Here are some images of Modelcraft's 1/35 scale LVT (A) 5 Alligator.
From Wikipedia "The Landing Vehicle Tracked (LVT) was a class of amphibious vehicles introduced by the United States Navy, Marine Corps and Army during World War II. Originally intended solely as cargo carriers for ship to shore operations, they rapidly evolved into assault troop and fire support vehicles as well. The types were all widely known as amphtrack, amtrak, amtrac etc., a portmanteau of amphibious tractor.
The LVT had its origins in a civilian rescue vehicle called the Alligator. Developed by Donald Roebling in 1935, the Alligator was intended to operate in swampy areas, inaccessible to both traditional cars and boats. Two years later, Roebling built a redesigned vehicle with greatly improved water speed. The United States Marine Corps, which had been developing amphibious warfare doctrine based on the ideas of Lt. Col. Earl Hancock "Pete" Ellis and others, became interested in the machine after learning about it through an article in Life magazine and convinced Roebling to design a more seaworthy model for military use. After more improvements, made difficult by Roebling's lack of blueprints for the initial designs, to meet requirements of the Navy, the vehicle was adopted as Landing Vehicle Tracked, or LVT.
The contract to build the first 200 LVTs was awarded to the Food Machinery Corporation (FMC), a manufacturer of insecticide spray pumps and other farm equipment which built some parts for the Alligators, the initial 200 LVTs were built at FMC's Dunedin, Florida factory, where most of the improvement work had been done as well. Eventually the company became a prominent defense contractor, United Defense (now part of BAE Systems Land and Armaments). During the War LVT production was expanded by FMC and the Navy to four factories, including the initial facility in Dunedin, Florida; the new facilities were located in Lakeland, Florida, Riverside, California, and San Jose, California. Roebling Construction would get the lucrative construction contract for the Lakeland factory, this being the sum total of Roebling's profit from his Invention, as the quite patriotic Roebling refused to accept any direct royalties or commissions from the government, seeing it as his personal duty in support of the war effort.
The LVT 1 could carry 18 fully equipped men or 4,500 pounds (2,041 kg) of cargo. Originally intended to carry replenishments from ships ashore, they lacked armor protection and their tracks and suspension were unreliable when used on hard terrain. However, the Marines soon recognized the potential of the LVT as an assault vehicle. Armored versions were introduced as well as fire support versions, dubbed Amtanks, which were fitted with turrets from Stuart series light tanks (LVT(A)-1) and Howitzer Motor Carriage M8s (LVT(A)-4). Among other upgrades were a new powerpack, also borrowed from the Stuarts, and a torsilastic suspension which significantly improved performance on land.
Production continued throughout the war, resulting in 18,621 LVTs delivered.
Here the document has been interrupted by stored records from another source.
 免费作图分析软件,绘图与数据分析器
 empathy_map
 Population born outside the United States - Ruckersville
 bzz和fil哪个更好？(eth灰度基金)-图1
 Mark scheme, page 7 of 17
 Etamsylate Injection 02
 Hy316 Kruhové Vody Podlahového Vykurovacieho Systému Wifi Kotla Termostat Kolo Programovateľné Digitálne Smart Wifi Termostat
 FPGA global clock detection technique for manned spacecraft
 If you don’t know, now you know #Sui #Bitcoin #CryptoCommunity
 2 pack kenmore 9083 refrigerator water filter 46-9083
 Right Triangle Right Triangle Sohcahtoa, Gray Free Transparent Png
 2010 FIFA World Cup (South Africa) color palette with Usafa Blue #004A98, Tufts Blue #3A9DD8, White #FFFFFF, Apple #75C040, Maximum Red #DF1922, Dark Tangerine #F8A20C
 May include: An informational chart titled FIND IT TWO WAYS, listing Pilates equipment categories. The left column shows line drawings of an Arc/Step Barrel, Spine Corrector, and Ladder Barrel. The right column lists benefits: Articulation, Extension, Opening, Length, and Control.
In late 1940s a series of prototypes were built and tested, but none reached production stage due to lack of funding. Realizing that acquisition of new vehicles was unlikely, the Marines modernized some of the LVT-3s and LVT(A)-5s and kept them in service until late 1950s.
- LVT(A)-5 (1945)
- LVT(A)-5 with powered turret and a gyrostabilizer for the howitzer. Some were upgraded in late 1940s by changing armor configuration. 269 units produced.